3 BİNDEN FAZLA MADEN EMEKÇİSİ ÖLDÜ!
1941'den bu yana ülkemizde yaşanan kazalarda 3 binden fazla maden işçisini kaybetmişiz. En büyük kazalardan biri 1992 yılında 263 kişinin yaşamını yitirdiği Zonguldak Kozlu maden faciası. Neden aynı; grizu patlaması. 1990'da Amasya Çeltik'te 68 maden emekçisini kaybetmişiz. Amasra'dan önce son yaşadığımız en büyük maden kazalarından biri de Manisa Soma'da meydana geldi. Mayıs 2014 tarihinde yaşanan maden kazasında 301 can yerin altında can verdi.
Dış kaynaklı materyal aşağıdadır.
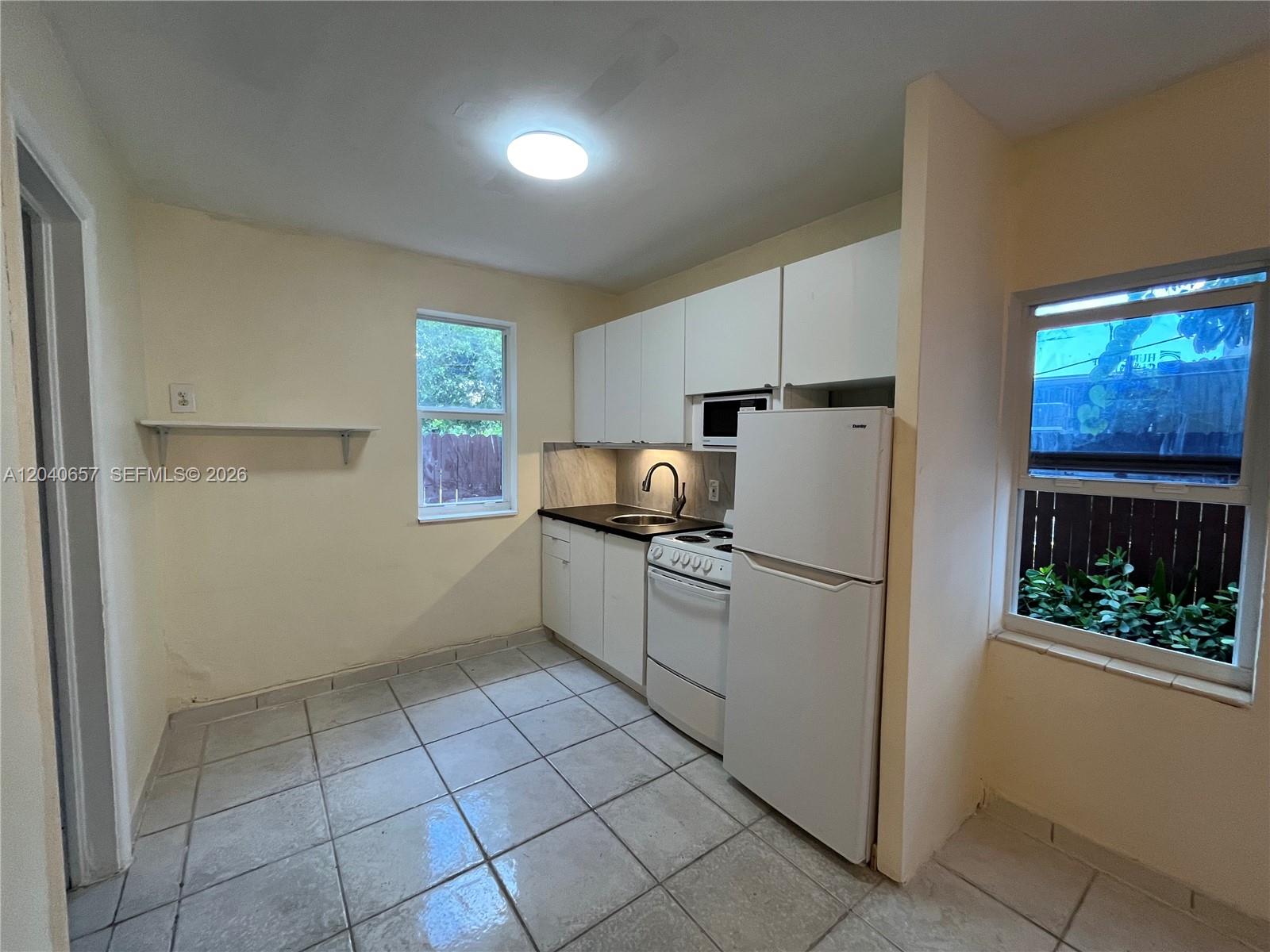 A small kitchen features white cabinets, a white stove, a refrigerator, and tiled flooring — 820 SW 31st Ave, Miami FL 33135, MIAMI, FL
Yaşanan ihmalin sorumluları kısa sürelerle tahliye edildiler. Bugün itibariyle Soma maden faciasından dolayı cezaevinde tutuklu sanık bulunmuyor. Soma'da 301 can için açık kalan bir hukuki hesap varken şimdi de Amasra acısını yaşıyoruz. Umarım gereken yapılır ve bundan sonra yaşanabilecek maden kazalarının önüne geçilmede saf alınır. Aynı yöntemle dünyanın birçok yerinde kömür çıkartılıyor. Birkaç ülke dışında artık maden kazalarına rastlamak mümkün değil. Umarım bizde de maden kazaları alınacak önlemlerle kaderimizden çıkar. Geride öksüz çocuklar, gözü yaşlı anne ve babalar kalmaz.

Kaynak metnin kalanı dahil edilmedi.